■ PROBLEM TO SOLVE
All that is wanted is the exact text of the lines below from the one with "窓にガッチリ吸着し、洗浄液を適度に噴射しながら進みます" through the one with "A seating area", inclusive, minus any pictures.
-- PROVIDED MATERIAL follows --
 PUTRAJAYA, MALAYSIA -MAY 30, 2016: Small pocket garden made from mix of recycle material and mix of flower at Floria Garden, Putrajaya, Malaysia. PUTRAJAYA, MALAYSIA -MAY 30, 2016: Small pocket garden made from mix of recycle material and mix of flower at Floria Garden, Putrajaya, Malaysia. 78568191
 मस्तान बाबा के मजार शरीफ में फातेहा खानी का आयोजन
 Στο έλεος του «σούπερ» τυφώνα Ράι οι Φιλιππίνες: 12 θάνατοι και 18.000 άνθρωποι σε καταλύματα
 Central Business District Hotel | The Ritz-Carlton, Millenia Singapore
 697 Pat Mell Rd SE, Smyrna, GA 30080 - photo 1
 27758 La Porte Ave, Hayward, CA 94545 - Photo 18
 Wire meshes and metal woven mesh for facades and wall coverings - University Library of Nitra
-- PROVIDED MATERIAL concluded --
-- PROVIDED MATERIAL follows --
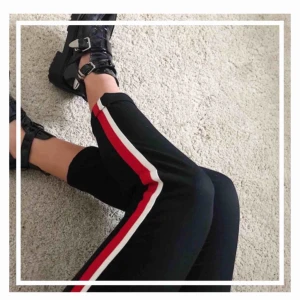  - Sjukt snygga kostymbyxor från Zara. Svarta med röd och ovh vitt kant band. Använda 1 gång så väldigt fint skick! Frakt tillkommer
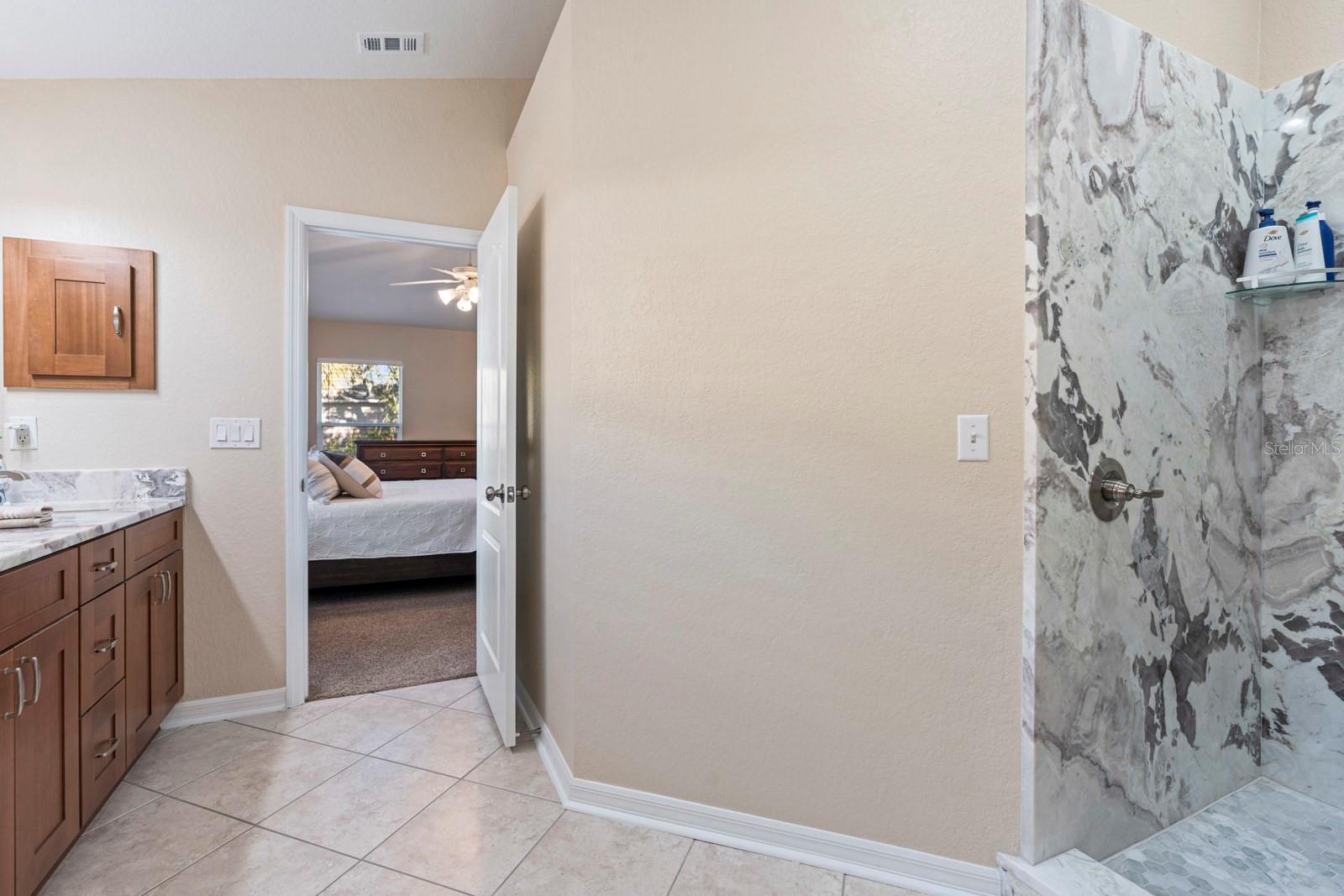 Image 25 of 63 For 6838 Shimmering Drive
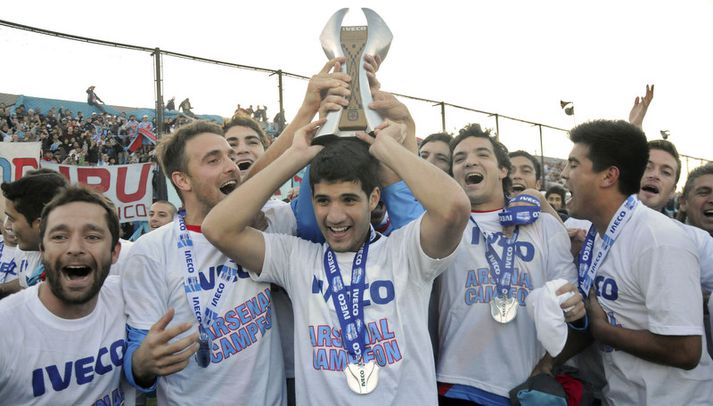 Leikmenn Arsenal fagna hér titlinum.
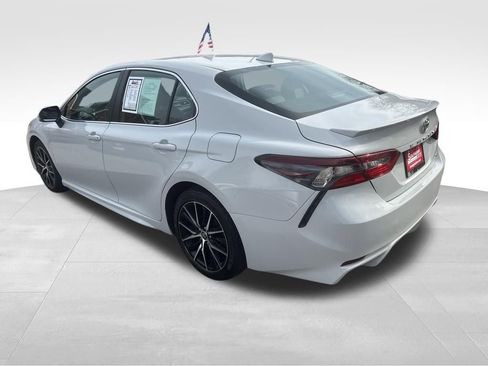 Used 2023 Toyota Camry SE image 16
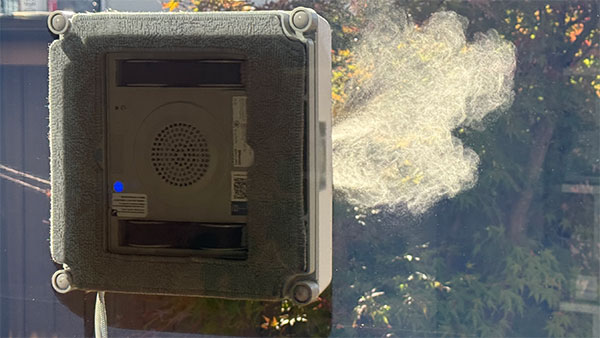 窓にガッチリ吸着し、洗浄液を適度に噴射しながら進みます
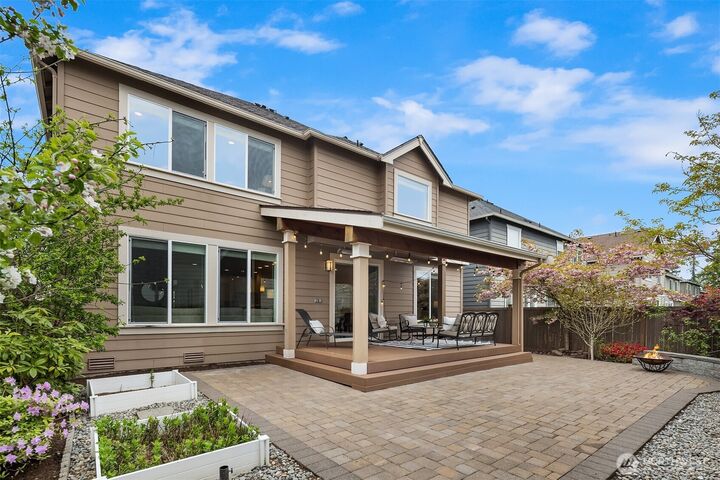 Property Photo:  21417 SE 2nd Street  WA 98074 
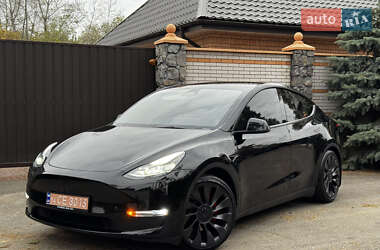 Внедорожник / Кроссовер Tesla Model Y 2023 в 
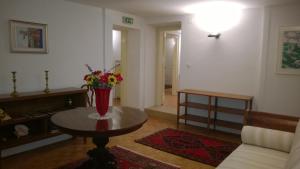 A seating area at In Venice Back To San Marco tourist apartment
-- PROVIDED MATERIAL concluded --
-- PROVIDED MATERIAL follows --
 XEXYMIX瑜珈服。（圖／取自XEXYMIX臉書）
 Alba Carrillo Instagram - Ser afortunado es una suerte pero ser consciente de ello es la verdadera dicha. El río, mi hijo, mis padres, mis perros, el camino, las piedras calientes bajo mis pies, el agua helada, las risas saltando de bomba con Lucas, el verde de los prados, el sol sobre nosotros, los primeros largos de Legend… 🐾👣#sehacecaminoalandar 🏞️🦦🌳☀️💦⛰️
-- PROVIDED MATERIAL concluded --
■ REPLY
 窓にガッチリ吸着し、洗浄液を適度に噴射しながら進みます
 Property Photo:  21417 SE 2nd Street  WA 98074 
 Внедорожник / Кроссовер Tesla Model Y 2023 в 
 A seating area at In Venice Back To San Marco tourist apartment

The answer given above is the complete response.